▸ **What to do**
As the answer, set down the lines below from the one containing "Zrenjanin, Gradske lokacije, Putnikovo" through the one containing "Quang hai tai hien cau vong tuyet anh 10", exactly and inclusively, and no others.

▸ **Given data**
──────────────────────────────

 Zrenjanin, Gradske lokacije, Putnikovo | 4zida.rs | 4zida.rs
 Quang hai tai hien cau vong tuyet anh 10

──────────────────────────────

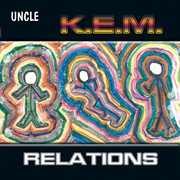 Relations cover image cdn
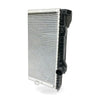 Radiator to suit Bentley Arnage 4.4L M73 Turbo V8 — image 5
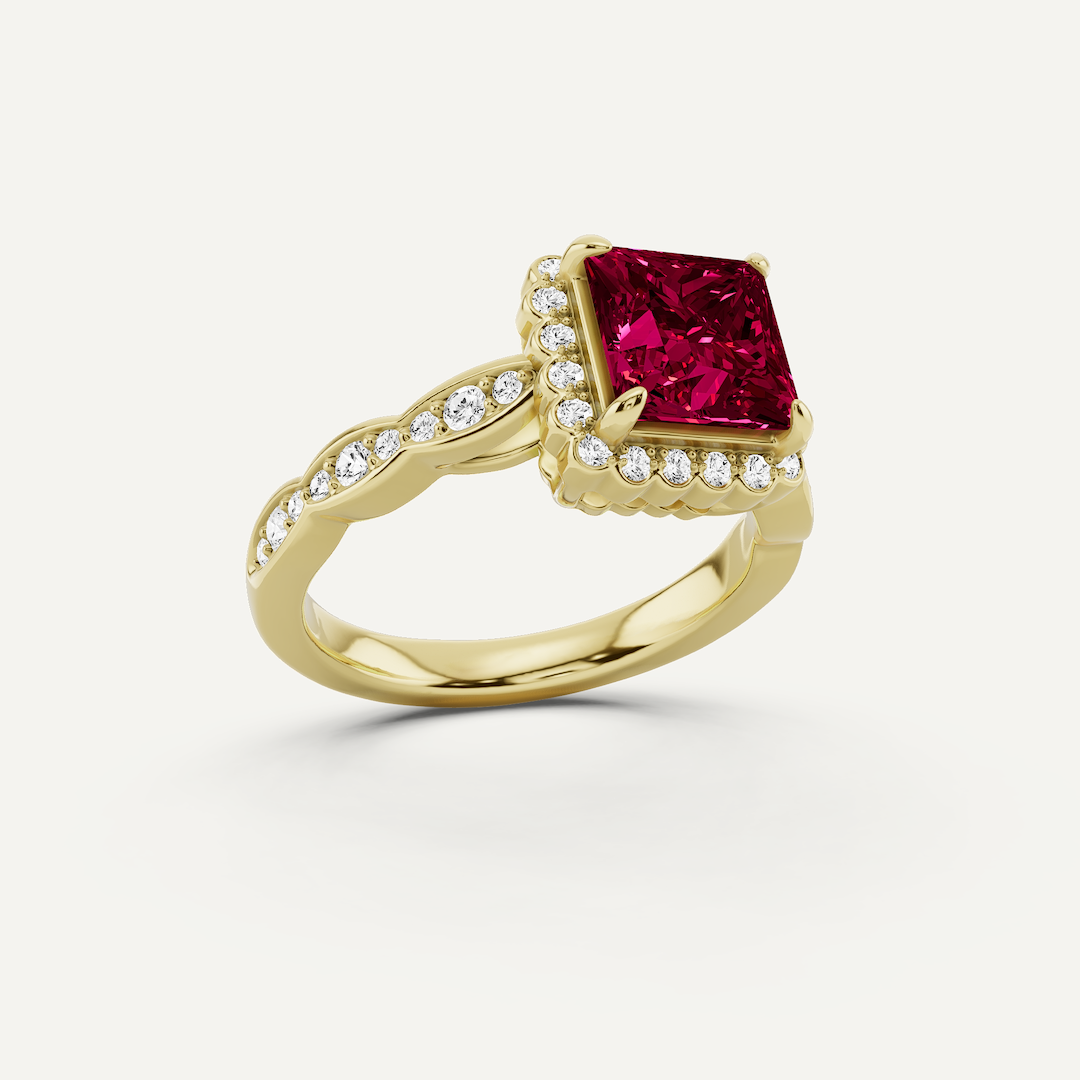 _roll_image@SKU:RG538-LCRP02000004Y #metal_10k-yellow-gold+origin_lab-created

──────────────────────────────

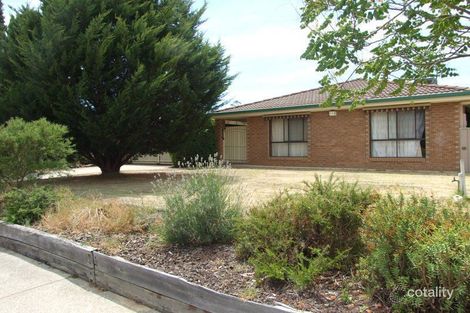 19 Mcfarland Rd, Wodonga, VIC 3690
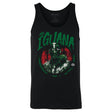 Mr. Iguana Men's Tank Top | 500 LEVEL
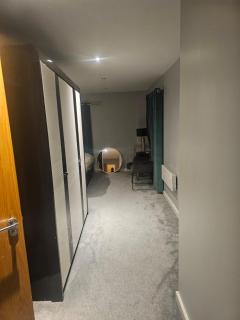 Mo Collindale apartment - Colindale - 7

──────────────────────────────

▸ **Response for this exercise**
 Zrenjanin, Gradske lokacije, Putnikovo | 4zida.rs | 4zida.rs
 Quang hai tai hien cau vong tuyet anh 10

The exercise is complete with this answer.